TBILISI, DFWatch–Parliament in Georgia Friday postponed the review of a much-debated bill proposed by civil rights groups aimed at preventing illegal surveillance, a practice still rife in the country.
The review was postponed because parliament was unable to reach a quorum.
Parliament’s vice speaker, Manana Kobakhidze, said the hearing would be held next week at a special session.
However, the most debated part of the proposed bill – who would hold ‘key’ of the spy devices, i.e. ‘black boxes’ – was postponed till November.
Authors of the draft legislation, civil rights activists and one MP of the ruling Georgian Dream’s parliamentary faction, insist that telecommunications companies should hold the ‘key’, while the Ministry of Internal Affairs, which comprises security services, ardently opposes it and claims the ‘key’ should be kept by itself.
Although lack of quorum is a persistent problem in Georgia’s parliament, Friday’s vote failure raised questions whether it was done intentionally, as some MPs try to avoid irritating the powerful MIA, which seems to be reluctant to cede its unconditional sway over surveillance.
The proposed package of legislative amendments, which implies changes in five laws including the criminal code and the law about electronic communications, ensures that secret measures are allowed only during investigation of certain categories of crime. Secret surveillance will be allowed to uncover deliberate, severe and particularly severe crimes.
The draft defines the category of persons about whom secret surveillance may be allowed as persons having a direct connection to the crime, or persons who are used by a person in direct communication connection to the crime – uses his technical equipment, or any other ways for communication or is an ally. Shalva Shavgulidze, an MP from the Georgian Dream faction and co-author of the bill, explained that this is a European standard.
Apart from Shavgulidze, two civil activists, Lasha Tughushi and Zviad Koridze, also a legal expert, Lika Sajaia, are co-authors of the bill.
According to the draft, secret surveillance measures can be undertaken if it is ‘absolutely necessary’ to achieve a justified goal. The burden of proof is on law enforcers to show that this is an ‘absolute necessity’ and it must be approved by a judge.
Shavgulidze explains that the draft includes a principle of notification, which means that a person who is a subject of secret surveillance must be notified about it and explained of his right to appeal this decision.
According to Shavgulidze, a person can appeal to the Appeals Court and if the court agrees, the draft envisages that all the information and footage obtained by secret surveillance must be destroyed.

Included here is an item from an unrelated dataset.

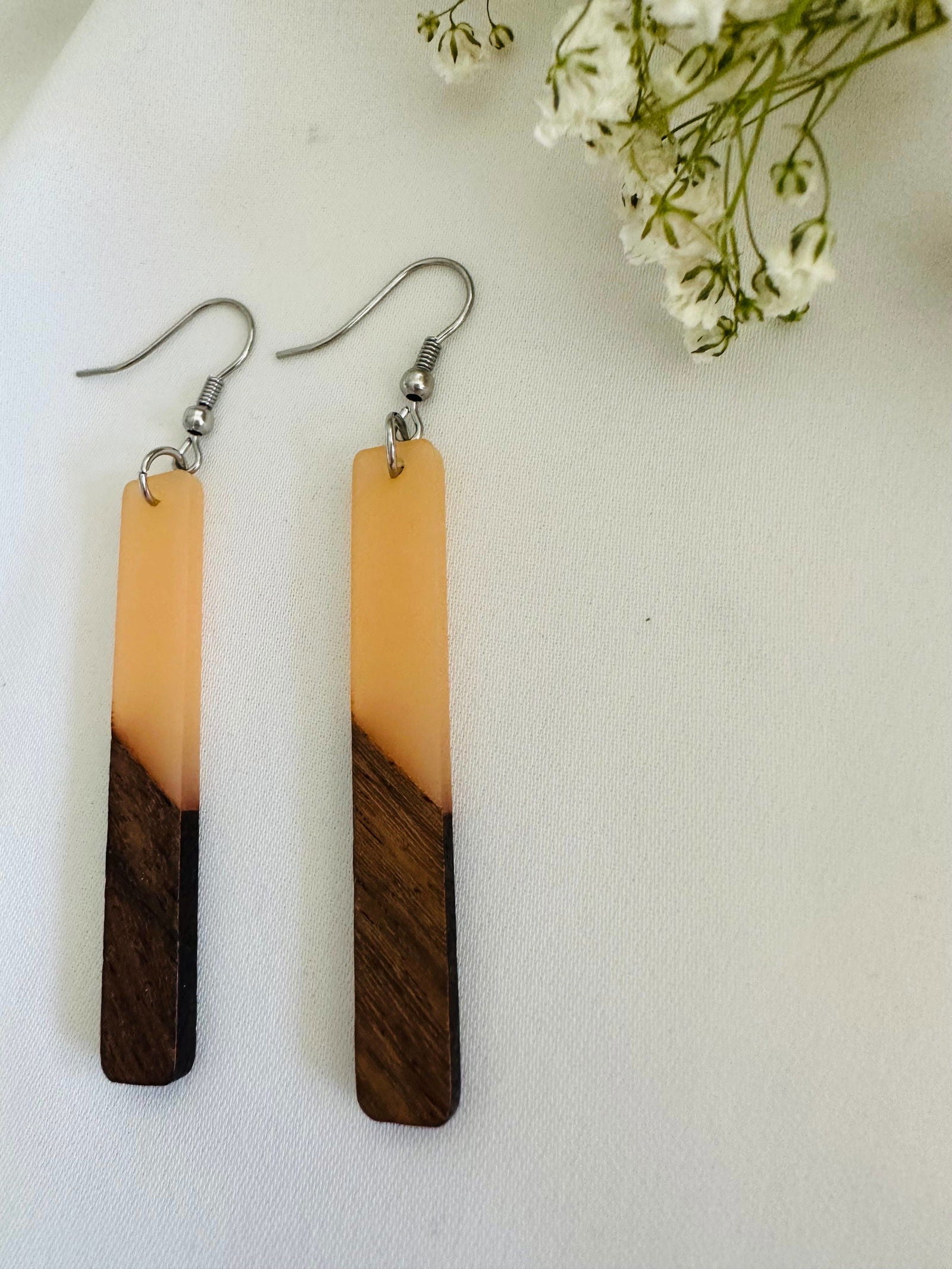 Wood and resin bar earrings, gold plated hooks, peach color - The Localist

The most important issue is still unresolved: who will have direct access to secret surveillance data, i.e. holding a ‘key’ to the servers (‘black boxes’) embedded in the telecommunication companies’ networks. Currently, the MIA has unilateral access to these servers and is firmly against handing over the ‘key’ to the companies, arguing that this move would actually entitle private enterprises with the mechanism of surveillance that might be used unlawfully.
Shavgulidze said a special commission will work on this issue until November 1.
Lasha Tughushi, co-authors of the bill, says that, as in most EU countries, mobile communications companies should have access to the ‘black boxes’, otherwise the MIA would accumulate too much power that might be used illegally.